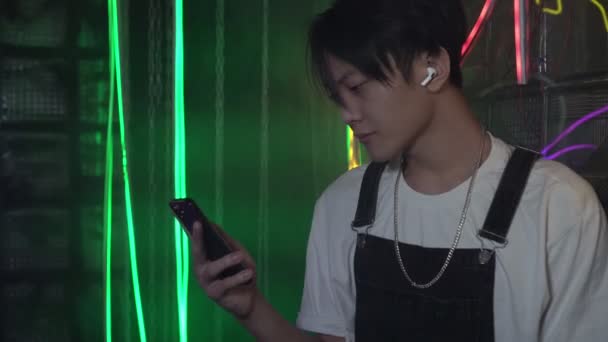 現代のアジア人男性がスマートフォンの画面を見ている。スマートフォンやワイヤレスヘッドフォンを使って音楽を聴く男 — ストック動画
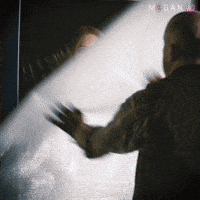 Sponsored gif. Haunted doll Megan escapes from her box and tackles a man to the ground.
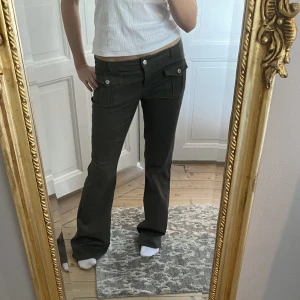Gröna lågmidjade jeans - Sjukt snygga och trendiga lågmidjade bootcutjeans i en mörk olivgrön färg❤️supercoola fickor. Perfekt skick! Storleken passar M/L. Skriv vid funderingar och kolla in mina andra annonser🤩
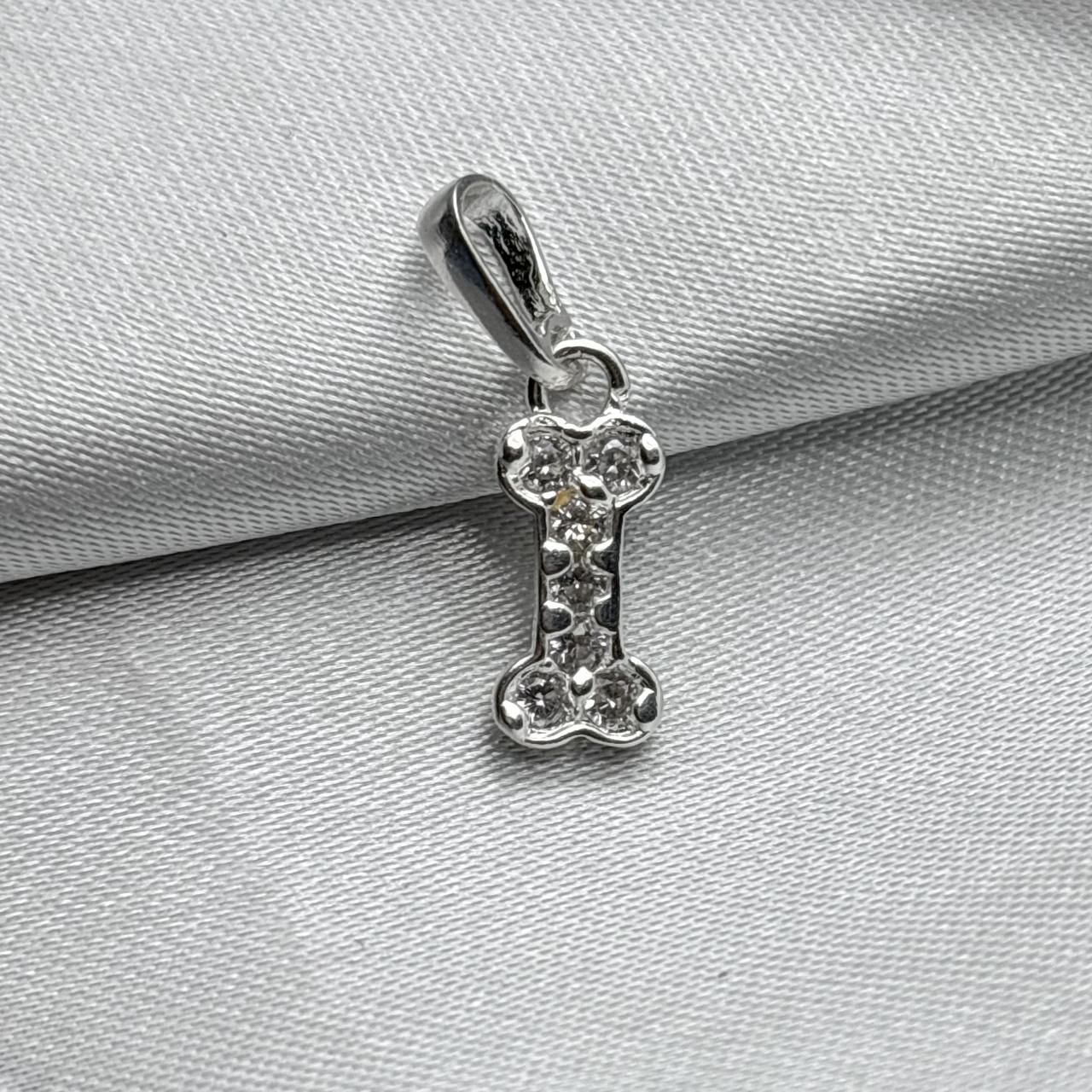 #D146 - Dije De Hueso Con Piedra Zirconia Plata - A09/1.3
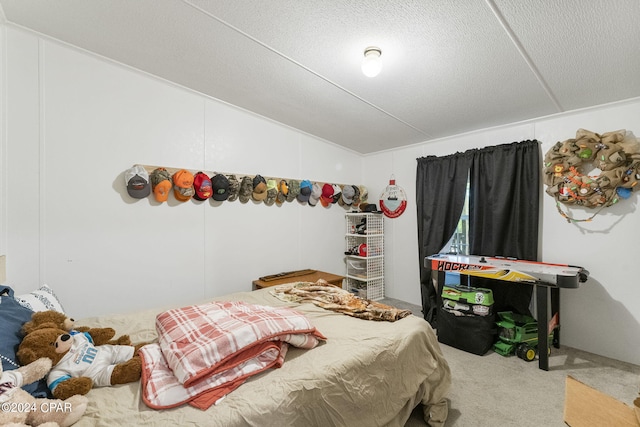 bedroom featuring carpet floors, a textured ceiling, and lofted ceiling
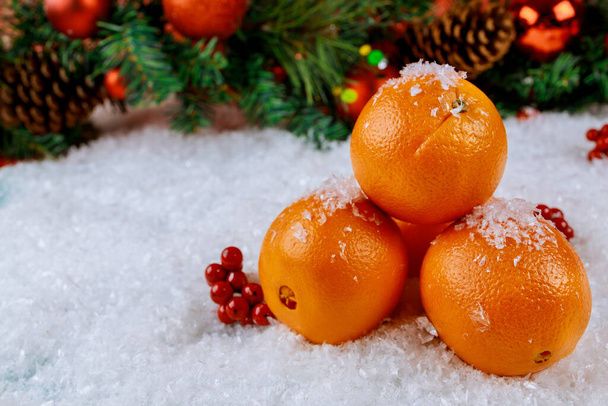 Symbol of Christmas or New Year orange fruit with ornament. Top view. - Foto, Bild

########################################

▶ [Your assignment]: Your copy should match the records word for word, with the pictures removed.

▶ [Written solution]:
 現代のアジア人男性がスマートフォンの画面を見ている。スマートフォンやワイヤレスヘッドフォンを使って音楽を聴く男 — ストック動画
 Sponsored gif. Haunted doll Megan escapes from her box and tackles a man to the ground.
Gröna lågmidjade jeans - Sjukt snygga och trendiga lågmidjade bootcutjeans i en mörk olivgrön färg❤️supercoola fickor. Perfekt skick! Storleken passar M/L. Skriv vid funderingar och kolla in mina andra annonser🤩
 #D146 - Dije De Hueso Con Piedra Zirconia Plata - A09/1.3
 bedroom featuring carpet floors, a textured ceiling, and lofted ceiling
 Symbol of Christmas or New Year orange fruit with ornament. Top view. - Foto, Bild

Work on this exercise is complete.